Baskı ve saldırılarını çok yönlü olarak sürdüren sermaye devleti, toplum üzerindeki denetim-izleme mekanizmalarını da yeniden tahkim ediyor, yeni uygulamalarda güçlendiriyor. Dün akşam meclisten geçirilen ‘torba yasa’ tasarısından, tüm toplumun ‘aile boyu fişlenmesi’ çıktı.
Cumhuriyet’ten Emine Kaplan’ın haberine göre, hükümetin “Vaatleri gerçekleştiriyoruz” gerekçesiyle dün akşam meclise sunduğu tasarıya göre, çocuklar da dahil herkesin parmak izi, damar izi ve el ayası (biyometrik veri) alınarak aile kütüklerine eklenecek ve elektronik ortamda saklanacak. Biyometrik verilerin hangisinin kimlik kartında yer alacağına İçişleri Bakanlığı karar verecek. Çocuklardan kaç yaşından itibaren biyometrik veri alınacağı ise İçişleri Bakanlığı tarafından belirlenecek.
Tasarı onaylandığı takdirde, nüfus cüzdanları kaldırılarak yerine Türkiye Cumhuriyeti kimlik kartı uygulamasına geçilecek. Aile kütüklerine biyometrik veri (parmak izi, damar izi ve el ayası) eklenecek. Kimlik kartında yer alacak biyometrik verinin türü, niteliği ve alınma yaşı İçişleri Bakanlığı’nca belirlenecek. Biyometrik verisi alınmayacak çocukların kimlik kartı başvurusu veli veya vasileri tarafından yapılabilecek. Merkezi veri tabanında tutulan biyometrik veriler, kimlik doğrulama işlemleri dışında kullanılamayacak. Biyometrik veri sadece elektronik ortamda tutulacak. Kimlik kartı talebinde bulunan kişi ile nüfus kütüklerinde kayıtlı kişinin aynı kişi olup olmadığı konusunda tereddüte düşülmesi durumunda mülki idare amirinin emri ile kolluk kuvvetlerine araştırma yaptırılabilecek.

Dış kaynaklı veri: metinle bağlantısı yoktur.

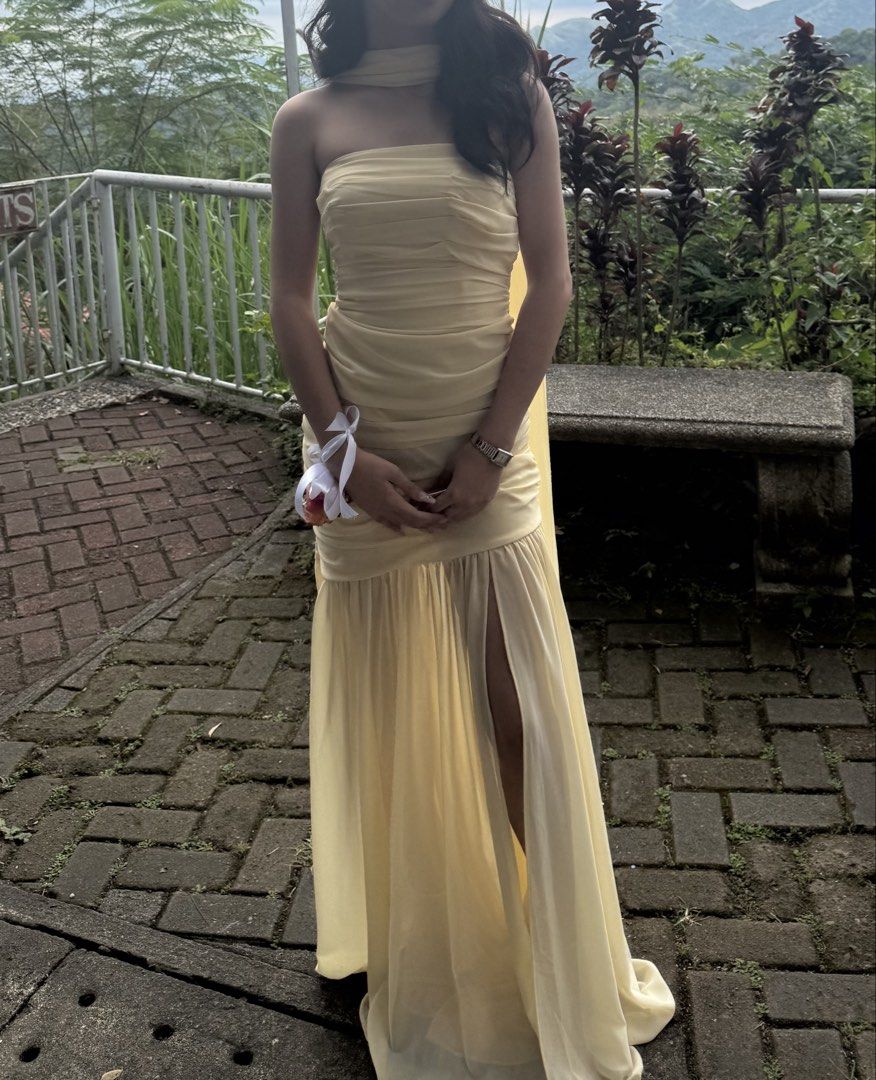 Yellow Formal Long Dress (Category: Evening dresses & gowns) located in Manila. Submitted by klair13 (Listing ID 1438888863, Image 3). Description: - used once for my uncle's wedding.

AYM sağlıkta vize vermişti
AKP hükümeti, avuç ve damar okuma sistemini içeren “biyometrik doğrulama sistemi”ni ilk olarak 2012’de SGK Yasası’nda yapılan değişiklikle özel hastanelerde uygulanma yolu açtı. Yasa çıktığı dönemde de “fişleme” yolunu açtığı için büyük tartışma yarattı. Ancak Anayasa Mahkemesi, değişikliğin anayasaya aykırı olmadığına hükmederek Nisan 2015’te uygulamaya vize verdi.